# Best weekend EVER



## Thorlifter (Mar 12, 2007)

The little wifey and I took a drive into the hill country of Texas. This country is my heaven. We stay in the town of Burnet Friday night and had plans to do some town hopping to see their main street squares and do some shopping. Driving south of Burnet I spot a Corsair II on the side of the road. I sorta pissed her off cause I hit the brakes hard to see it. heh heh

Out in the middle of nothing Texas is a little municiple airport and they have a F-100, a Corsair II, some big tank, a SAM and some AA guns in front of the only hanger. Then the wife asks me, what's that silver plane?

On the back side is a beautiful C-47 and there is a WWII museum. OMG! Could life be any better? So I start talking to the people there. 5 years ago they found this C-47 and it was a mess. They spent the last 3.5 years restoring it and they were going to fly it to Brownsville for an airshow, but down south was socked in with fog. It's the only reason I got to see it. They also had a L-4, and L-5, and a Texan in the hangar. They were telling me next month they are going to have an airshow in Burnet that will feature about 35 planes, including a Corsair, an A-26 and a Spitfire (they hope).

Then it gets even better. I talked my wife into going to Fredrickburg, since it's only about 45 minutes away and I can get some good German food and beer. When I tell her about all the stores, she agrees. About 15 miles outside of town, she asks, "Why do they call this highway 'Pearl Harbor highway?'" I said I didn't know. Then about 5 miles outside of town she says, "Hey, I just saw a sign that said "Pearl Harbor War Museum." With my mind only on bratwurst and beer, I thought to myself, "What kind of Pearl Harbor museum would be in the middle of dried out Texas?"

Well, I spot the museum, then I remember that Nimitz is from Fredricksburg. We go in and, guys, that was the best museum I have EVER been in. I talked to the people that run it and they told me vets have tell them it's the best in the world. The static displays are incredible. They have the actual midget sub that was captured at Pearl Harbor. They have the only PT boat that saw combat duty there.

Anyway, here are some pics. The ugly dude sitting in the AA gun seat is me. (the wife insisted on the pic) The building is the outside of the Nimitz hotel (now the museum). It was just remodeled and reopened two weeks ago (lucky me again). In 6 weeks they are going to demo part of one of the buildings and add an additional 4000 S.F. to include another 3000 artifacts they have there. The B-25 is a static display of the Doolittle raid.
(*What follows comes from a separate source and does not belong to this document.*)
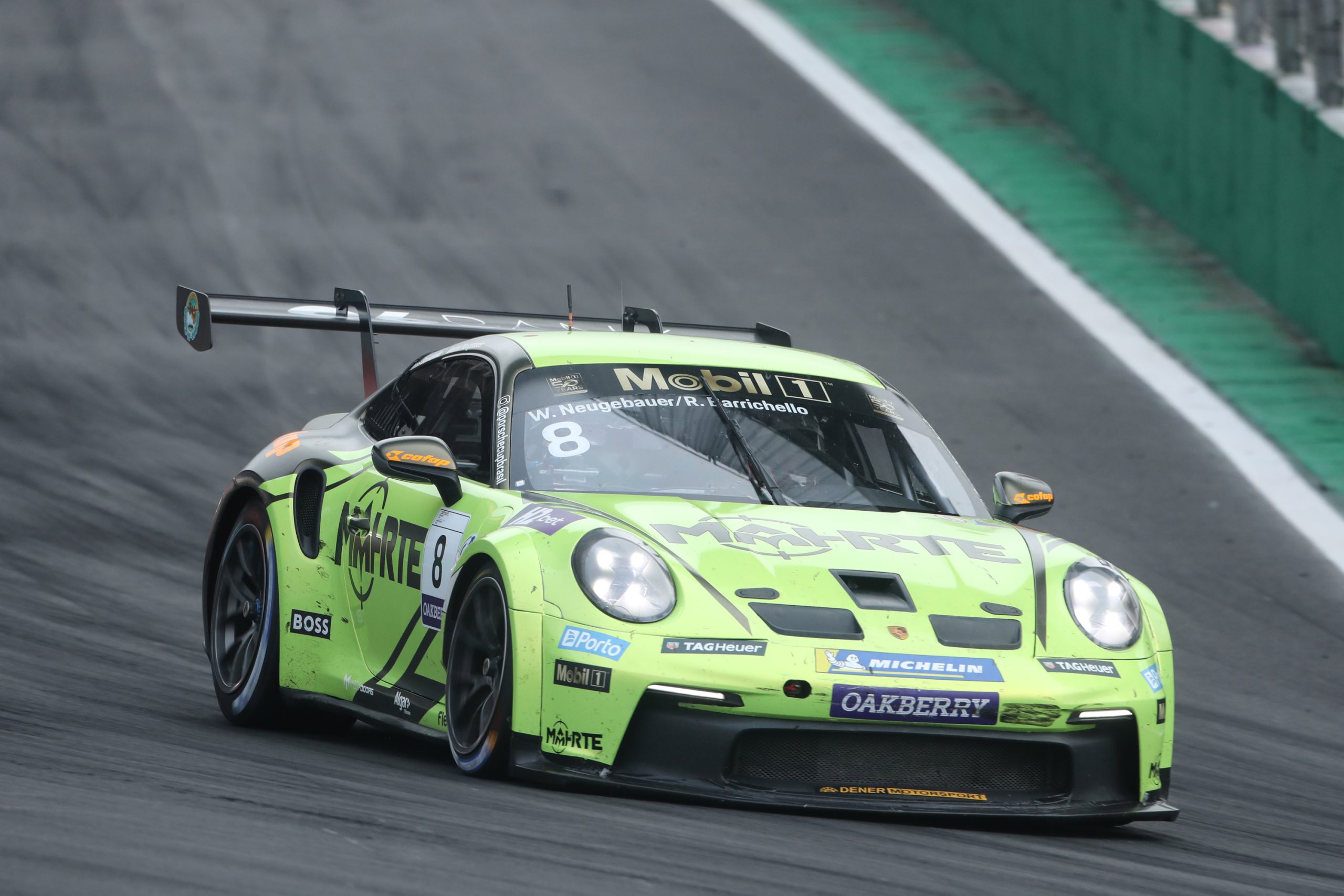 Werner Neugebauer e Rubens Barrichello são os campeões do Endurance Challenge (Foto/Reprodução: Luca Bassani)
The propeller actually turns and it looks like your on the deck of the Hornet. The F4F being worked on is a display of Guadalcanal. The display showing the Nazi uniform is typical of all the displays throughout the museum. The few images, some artifacts, and some text. My wife was crying when she read about what the Japanese did at Pearl Harbor and Nanking!!

Note the barrel of the japanese tank. Someone shot it with an armour piercing round.


----------



## lesofprimus (Mar 12, 2007)

Nice pics...


----------



## Thorlifter (Mar 12, 2007)

Oh yeah, I saw a few type-o's. Here is one. It say's the bat was attached beneath the wing of a B-24, but that's not a B-24. That's a Privateer.


----------



## evangilder (Mar 12, 2007)

Nice!


----------



## Aggie08 (Mar 12, 2007)

Very nice! I'll have to check those places out!


----------



## DerAdlerIstGelandet (Mar 12, 2007)

Very cool. Thanks for sharing with us.


----------



## Gnomey (Mar 12, 2007)

Nice pics!


----------



## R-2800 (Mar 12, 2007)

cool nice pics, glad you had fun


----------



## timshatz (Mar 12, 2007)

Very cool. Where in Texas is that place (not that I go to Texas but just in case I do)?


----------



## Wildcat (Mar 13, 2007)

Now that's one beautiful C-47!


----------



## Thorlifter (Mar 13, 2007)

timshatz said:


> Very cool. Where in Texas is that place (not that I go to Texas but just in case I do)?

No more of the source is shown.